At the same time, Laschet said he would discuss the Nord Stream 2 project with Baerbock.

"If she thinks she wants to protect Ukraine strategically, I would agree with her," Laschet said.

Laschet characterized China as a "partner, competitor and rival," noting the economic relations between the two countries are "of great relevance." He said Germany and China have differences when it comes to "human and societal questions."

Baerbock has said Germany should crack down on Chinese goods that are the result of forced human labor. She has also expressed concerns about Chinese technology, such as 5G equipment made by Shenzhen-based telecommunications giant Huawei.

What are Laschet's other ideas regarding foreign policy?

Laschet also promoted the ideas of a transatlantic trade zone and a closer European foreign policy during his address.

"Europe's place is at the side of the USA, at the side of Canada," Laschet said in his address. 

"And we need a revival with new themes, with a new dynamic of the transatlantic relationship.
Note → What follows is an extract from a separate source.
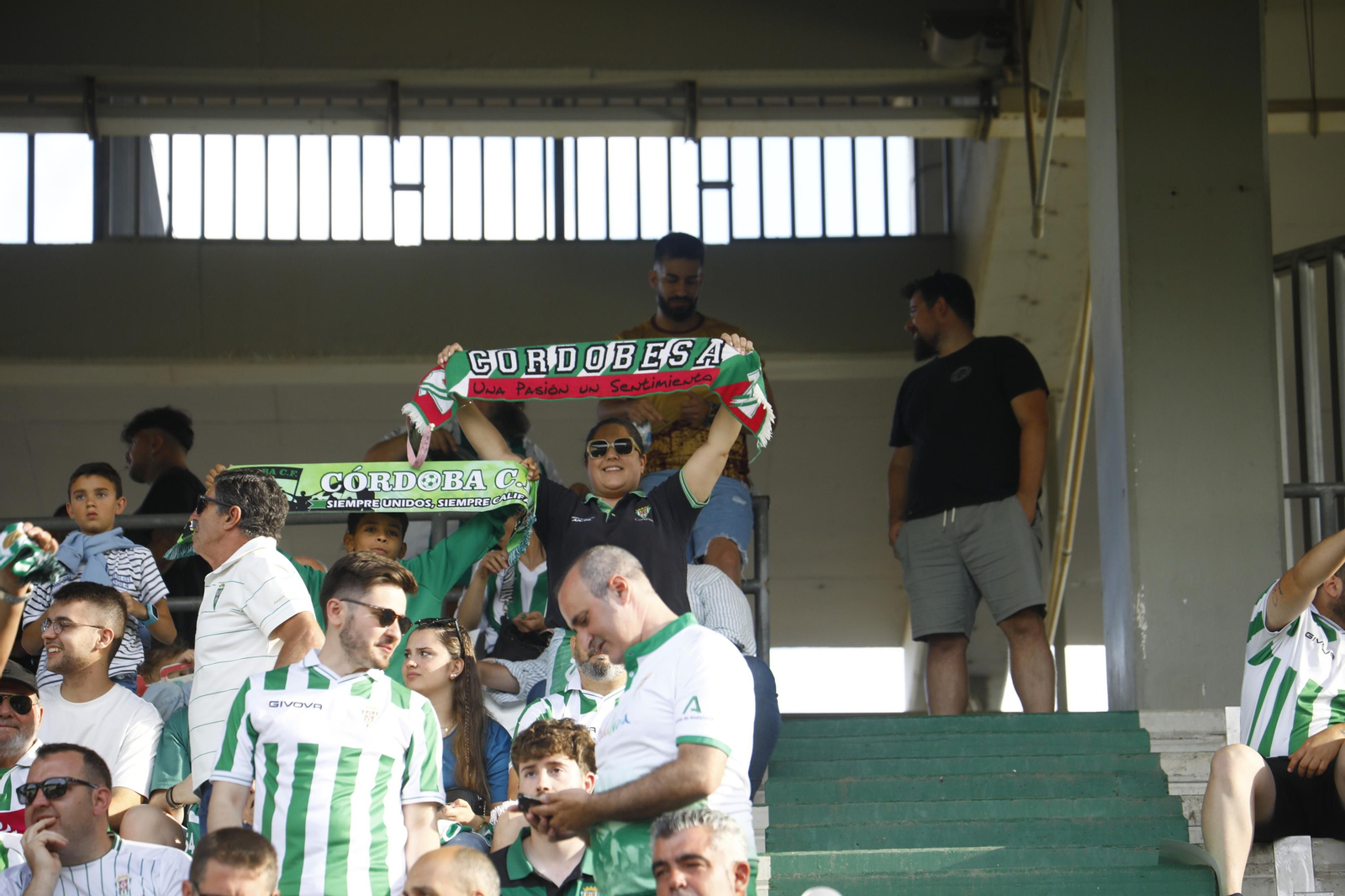 Las mejores fotos del ambiente en El Arcángel para el Córdoba CF - Ponferradina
And this will revolve around trade issues — a large free trade area as an ambition, but also a common climate policy," he continued. 

Munich Security Conference

Baerbock has promoted the idea of a "transatlantic Green deal," an environmentally-friendly trade agreement between Europe and the US.

Laschet called on European countries to cooperate more closely on foreign policy. In addition, he reiterated Germany's support for Israel.

He also proposed the idea of a German National Security Council that could better facilitate Germany's federal response to external threats.

How are German parties faring among voters?

German voters will head to the polls on September 26 to elect a new parliament, and, as a result, the next chancellor. This federal election is especially significant as Merkel will retire after governing the country for nearly 16 years.

A survey conducted from May 10 to 11 by German research institute Infratest dimap found the Green Party leading the race with 25% support among citizens, with the CDU garnering 24% support.

The Infratest dimap poll found 15% support for the SPD and 12% for the Free Democratic Party (FDP).